• What this task involves: Begin your copy at the line with "Cefito 8'' Rain" in the records below and end it at the line with "Quantum Park to Odenton, MD map", restating each line word for word; omit the pictures.

• Provided material:
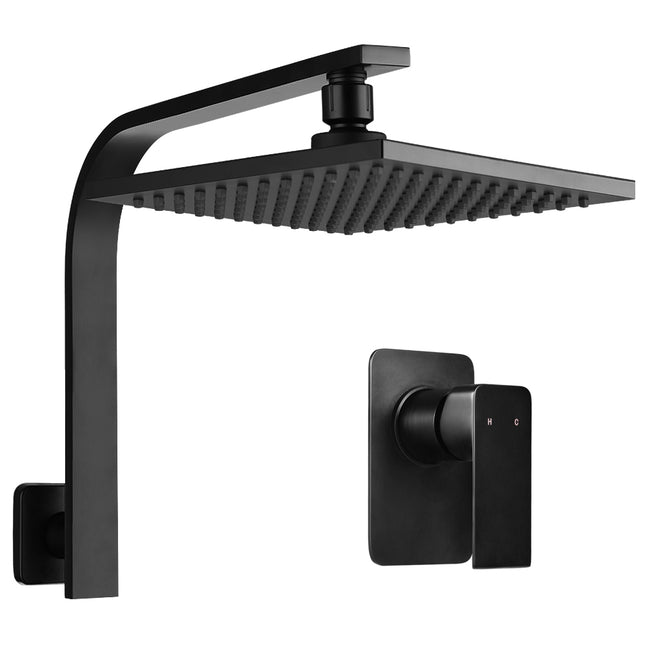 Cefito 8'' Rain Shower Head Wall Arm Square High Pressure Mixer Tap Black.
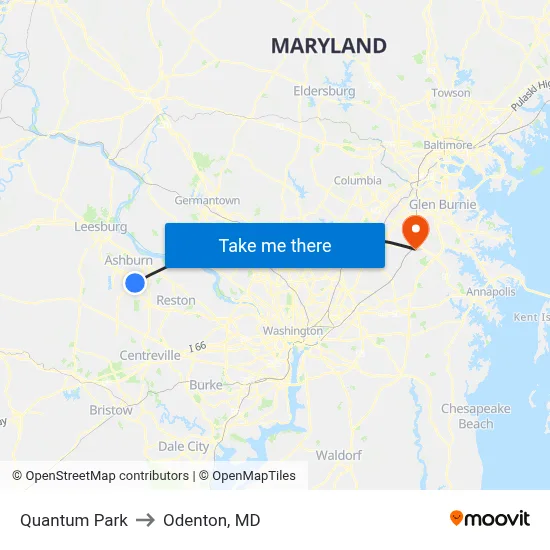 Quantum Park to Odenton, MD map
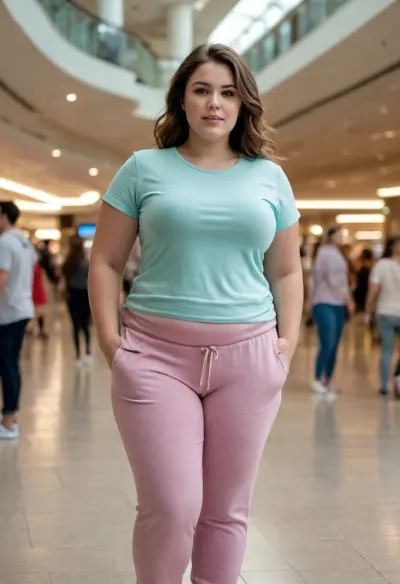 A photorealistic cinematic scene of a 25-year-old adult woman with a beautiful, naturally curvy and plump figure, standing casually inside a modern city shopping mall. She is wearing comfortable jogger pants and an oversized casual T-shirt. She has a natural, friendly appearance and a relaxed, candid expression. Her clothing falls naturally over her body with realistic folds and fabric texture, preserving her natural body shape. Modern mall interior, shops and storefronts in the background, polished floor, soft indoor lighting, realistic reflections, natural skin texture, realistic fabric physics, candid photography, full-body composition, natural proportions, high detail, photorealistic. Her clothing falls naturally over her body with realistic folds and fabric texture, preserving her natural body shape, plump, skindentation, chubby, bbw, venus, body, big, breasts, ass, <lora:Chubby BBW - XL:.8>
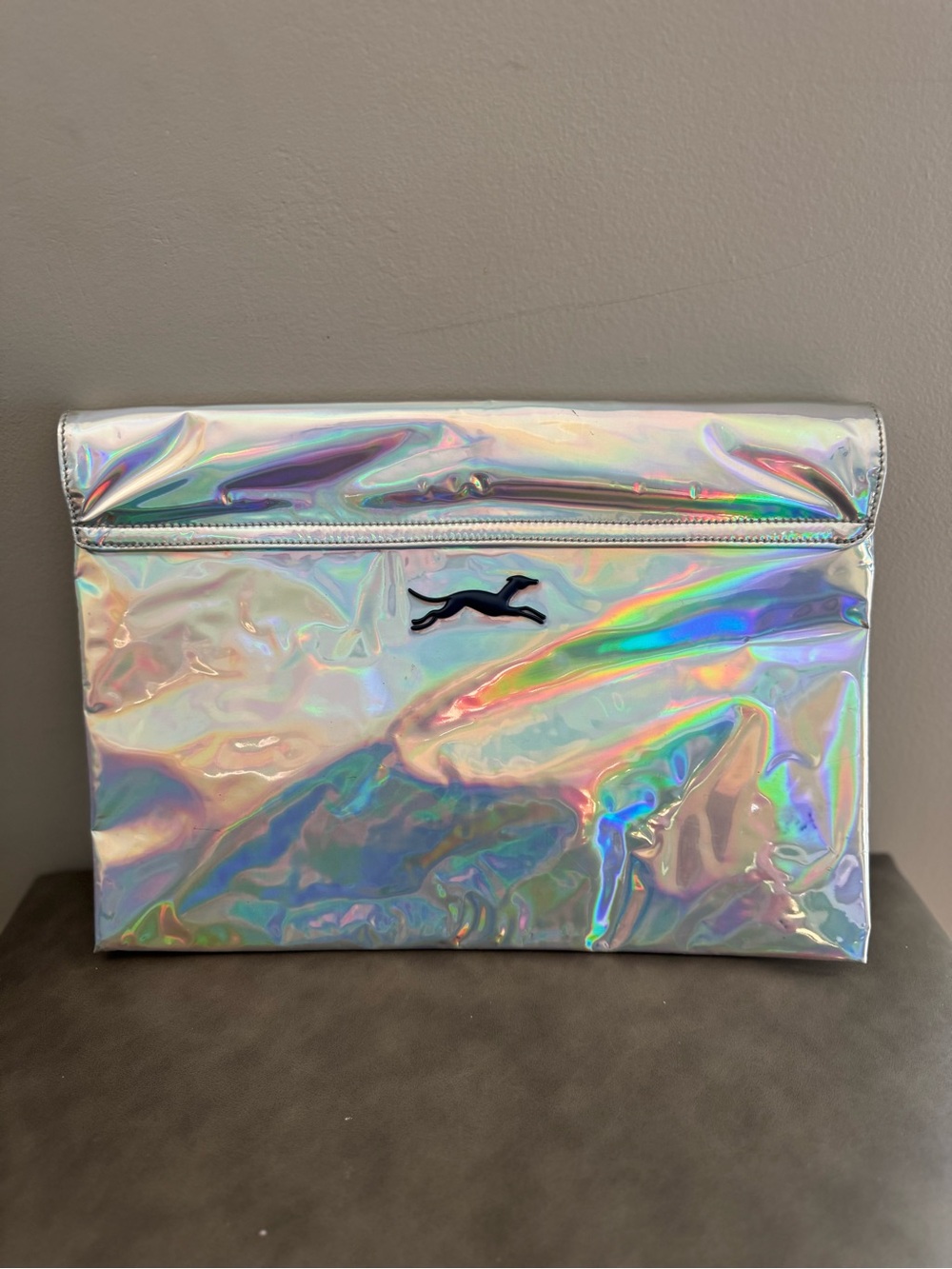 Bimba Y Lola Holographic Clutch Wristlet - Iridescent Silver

* * *

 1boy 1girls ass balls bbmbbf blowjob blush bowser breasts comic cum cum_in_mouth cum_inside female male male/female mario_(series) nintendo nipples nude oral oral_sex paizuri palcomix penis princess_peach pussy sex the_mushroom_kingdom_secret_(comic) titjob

* * *

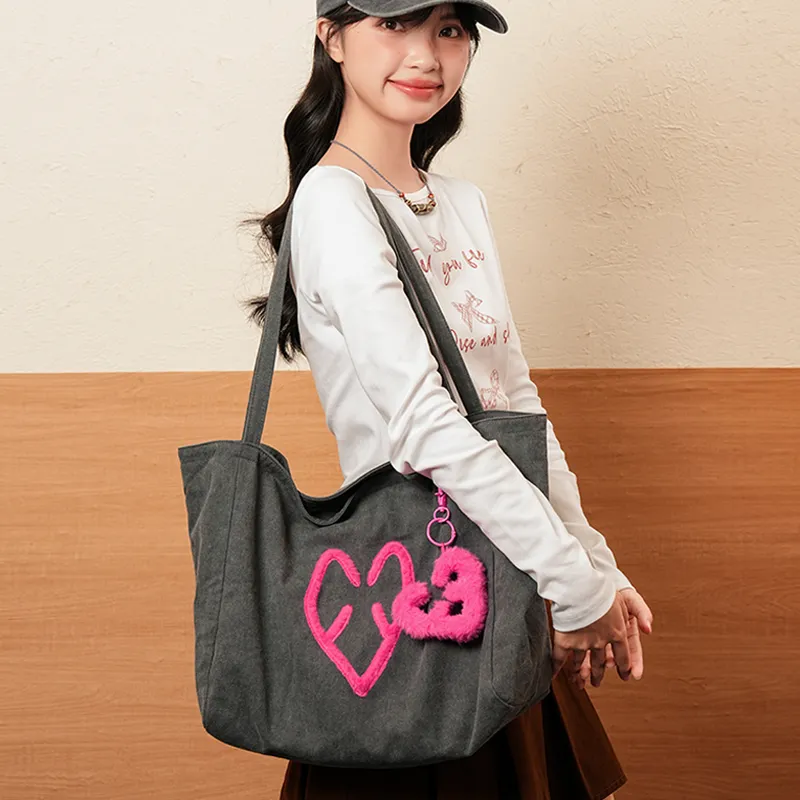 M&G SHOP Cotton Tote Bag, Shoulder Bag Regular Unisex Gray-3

• Answer space:
 Cefito 8'' Rain Shower Head Wall Arm Square High Pressure Mixer Tap Black.
 Quantum Park to Odenton, MD map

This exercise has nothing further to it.